How technical analysis can make you a profitable trader even while trading part time and why is it an essential tool in your armoury!!

What if I told you that you had a chance to make a whopping 67% return on your investment over the last year by just reading the charts once a week for 30 mins every Sunday? All you needed is a bit of knowledge of Technical analysis and how to read charts.

Hey Everyone…

Welcome back to the blog. Today I want to introduce you to the fascinating science of Technical Analysis of charts. This post is not about how to do technical analysis rather it is about knowing what is the importance of learning this skill and how profitable it can be if used correctly.

This is one skill which if mastered correctly can give you insane profits over the longer run and will also tell you when to stay out of the markets when conditions are not in your favor.

As with any skill this needs time, dedication, patience and perseverance.

I am writing today’s post keeping those people in mind who are investing in the markets for the long term horizon and who don’t have the time or the inclination to constantly follow the ups and downs of the markets.

Having a basic knowledge of technical analysis will help you spot the ideal entry points and exit points which will keep your profits safe and sound over a period of time.

Most of the people whom I know of who fit this general criteria are highly successful professionals who are busy with their professional activities. They are well aware of the massive returns which are possible from investing into the markets . Yet the fear of unknown and lack of knowledge holds them back from taking the plunge.

There are a couple of myths which I would like to bust right away..

Myth #1: Its not possible to manage my funds myself and make a consistent return on my investment due to lack of time. It is just better to outsource and let someone else manage my funds.

Reality : The reality is that even if you work on an extremely part time basis and study the markets just once a week and base your decisions on sound technical analysis you can make a healthy ROI.

Myth #2: I don’t have the necessary knowledge and to get that knowledge I will need to spend enormous amount of time.

Reality : The real truth is that you don’t need to learn technical analysis from A to Z to be able to reap rewards. Just like you don’t need to know how the Internal Combustion EngineĀ  functions to be able to run a car. All you need to know is a few basics on how to operate the vehicle and you are good to go.
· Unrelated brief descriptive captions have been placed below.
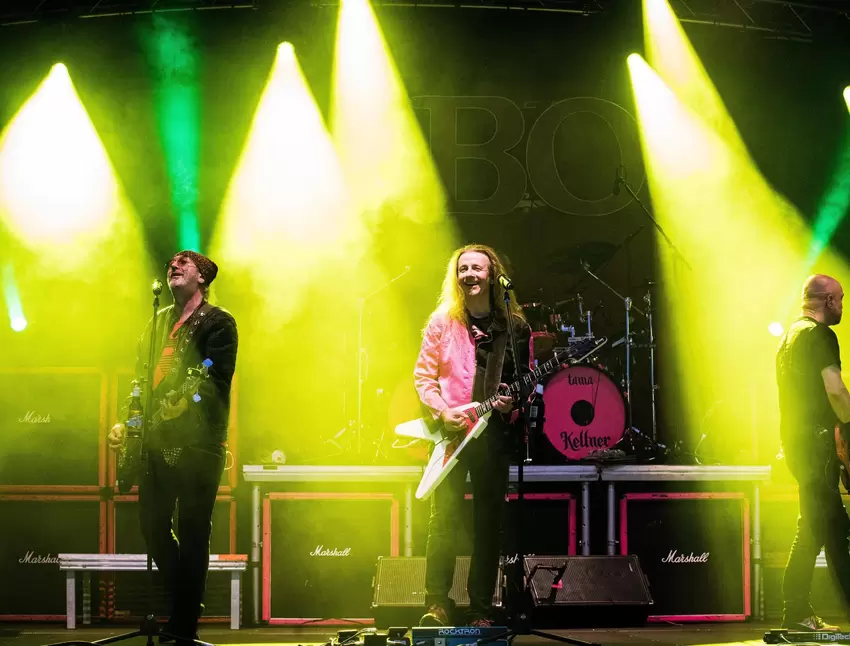 Die Spaßrocker JBO bei ihrem Konzert auf dem Zweibrücker Flugplatz.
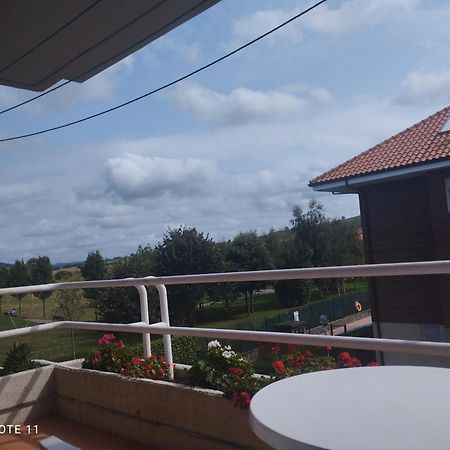 Apartamento Vicsus Ajo Exterior photo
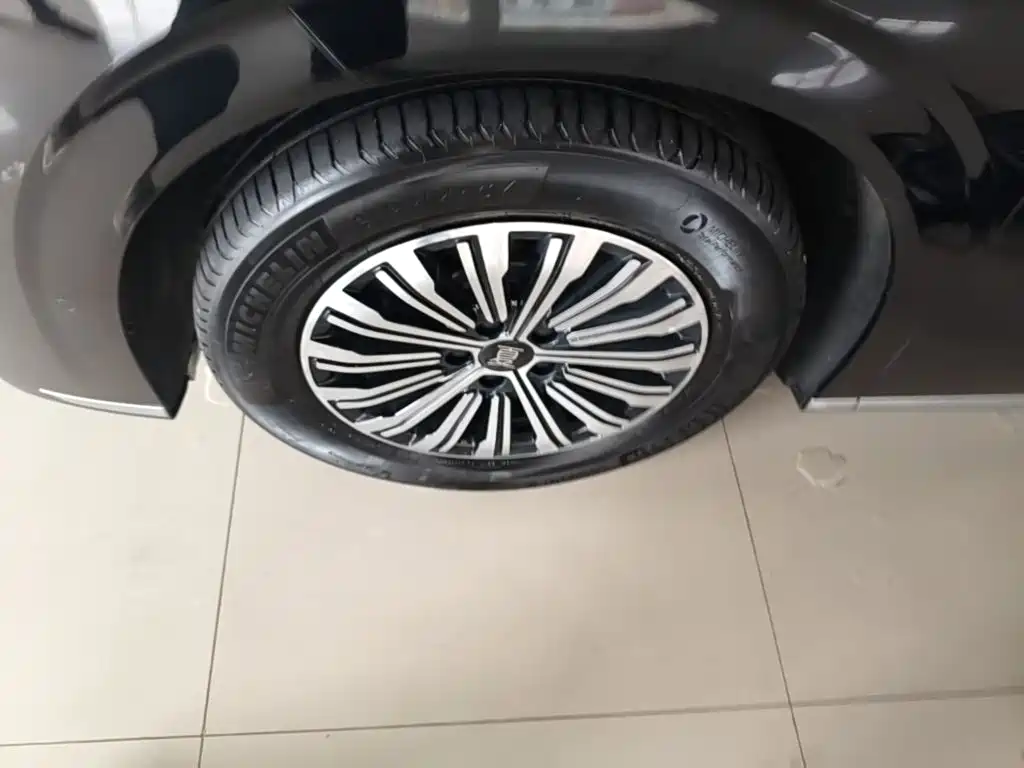 BYD Xia — миниатюра 23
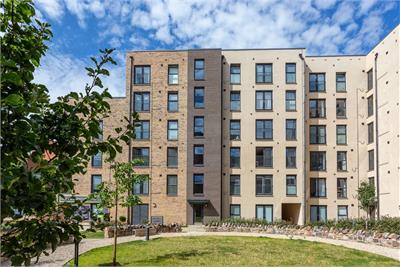 22/2 Margaret Thomson Crescent, Edinburgh, EH6 7FE - image 1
Similarly if you know the basics of technical analysis and find a suitable strategy with solid entry and exit rules you are very well placed to take big profits in the markets.

Lack of time and knowledge along with the fear of unknown will push you towards more conservative investment options.

Just as a illustration I am going to share a chart which plots the value of the share price of Reliance Industries over the last one year. The price is plotted on the Y-Axis (vertical) while the time is plotted along the X-Axis (horizontal).

Each candle in the chart represents one week worth of trading data (Monday to Friday) and marks the opening, closing, high and low prices for that week. GREEN candle indicates that the price went up while RED candle indicates that the price went down…(Don’t worry if it sounds all gibberish at the moment, we’ll talk in depth about all this in following posts)

If all you did was open up your charting software on a leisurely Sunday morning when you have free time and analyzed the signals on the chart you would have still netted a whopping 67% return on your investment over this year. (Watch the RED arrows in the chart). The small yellow arrow shows the entry point (price at which we would have bought) and the large Yellow arrow on thee right shows the sell off point where we book our profits.

Ofcourse there are entry and exit rules and setups which you would need to learn to be able to spot these opportunities, but they are not difficult to identify once you know what to look for.

This is just one example of what is possible. There are many many more setups like this.

I would anyday settle for a 67% ROI over a 7 to 8% return which a bank Fixed Deposit gives me. What about you?

Let me know if you are excited with what is possible if you know Technical analysis and can apply it the right way.

Looking forward to your comments.

Until next time


4 thoughts on “How technical analysis can make you a profitable trader even while trading part time and why is it an essential tool in your armoury!!

  • It is possible maximum returns. I am confused that if this simple skill makes a big difference and most of people acquired this, then why only few 2-3% population is wealthy? I think something is their And that I am finding since I started trading. I HOPE I WILL GET IT AND WILL BE AMONG 2-3%!!!!

    • It is definitely possible to make such kind of returns in the market.
      The reason why just a small bunch of people make money is because they take time and effort to learn technical analysis. Most unfortunately don’t go deep enough to understand the nuances of it.
      If done right you can surely make insane profits by knowing this stuff Rahul.

  • Technical indicators fall into four broad categories: TMVV
    T trend,
    M momentum,
    V volatility and
    V volume.
    When seeking confirmation for a trade signal provided by one indicator, it is usually best to look to an indicator from a different category. Otherwise, the same or similar inputs will be counted multiple times, giving the illusion of confirmation when in fact little new information has been taken into account. Trend indicators include moving averages, moving average convergence divergence (MACD) and the parabolic SAR. Momentum indicators include the stochastic oscillator, the commodity channel index (CCI) and the relative strength index (RSI). Volatility indicators include Bollinger Bands, standard deviation and average true range. Volume indicators include the Chaikin Oscillator (also used to measure momentum), on-balance volume (OBV) and the volume rate of change.